**Task to carry out:** Without any of the pictures, transcribe all the lines below exactly.

---

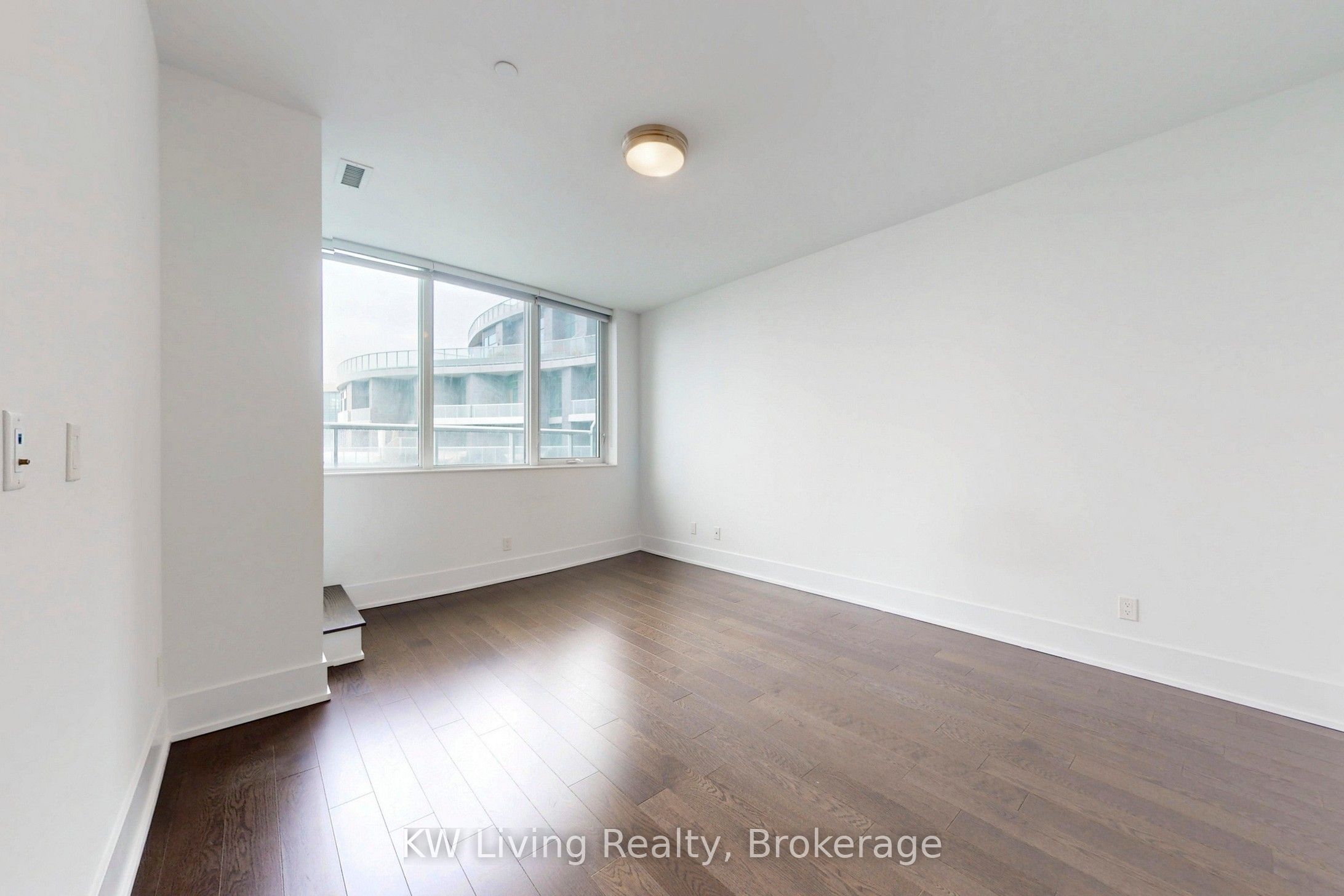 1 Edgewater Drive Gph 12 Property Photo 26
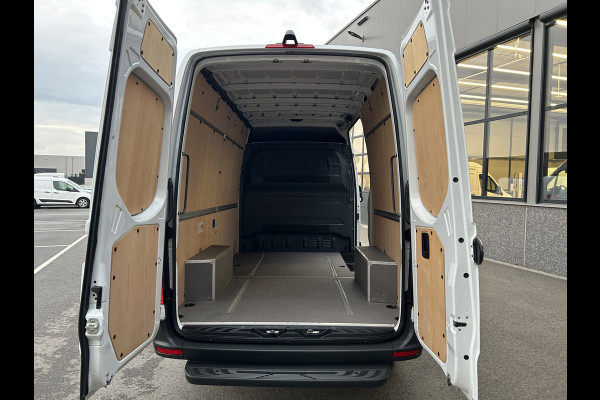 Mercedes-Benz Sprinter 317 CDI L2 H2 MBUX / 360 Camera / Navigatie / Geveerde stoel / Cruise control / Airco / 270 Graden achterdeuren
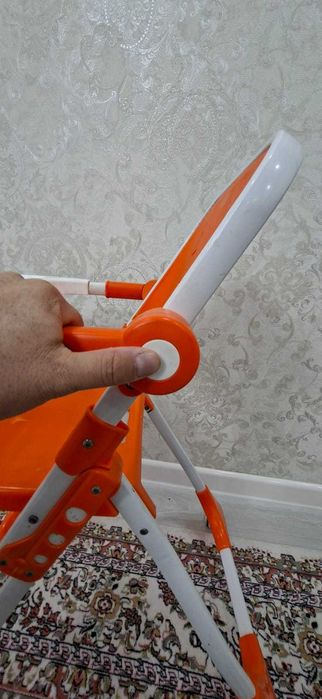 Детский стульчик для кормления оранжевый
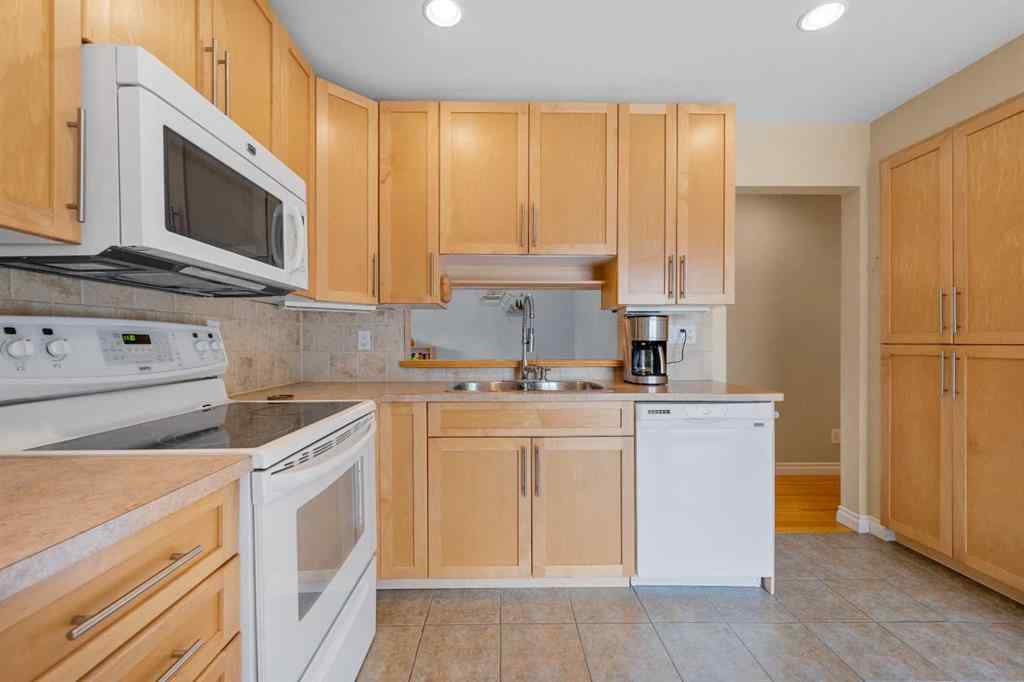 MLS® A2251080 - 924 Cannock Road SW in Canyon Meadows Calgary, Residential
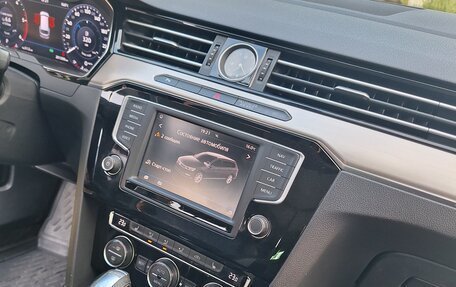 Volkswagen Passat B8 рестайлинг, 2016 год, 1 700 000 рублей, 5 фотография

---

**Answer for this exercise:**
 1 Edgewater Drive Gph 12 Property Photo 26
 Mercedes-Benz Sprinter 317 CDI L2 H2 MBUX / 360 Camera / Navigatie / Geveerde stoel / Cruise control / Airco / 270 Graden achterdeuren
 Детский стульчик для кормления оранжевый
 MLS® A2251080 - 924 Cannock Road SW in Canyon Meadows Calgary, Residential
 Volkswagen Passat B8 рестайлинг, 2016 год, 1 700 000 рублей, 5 фотография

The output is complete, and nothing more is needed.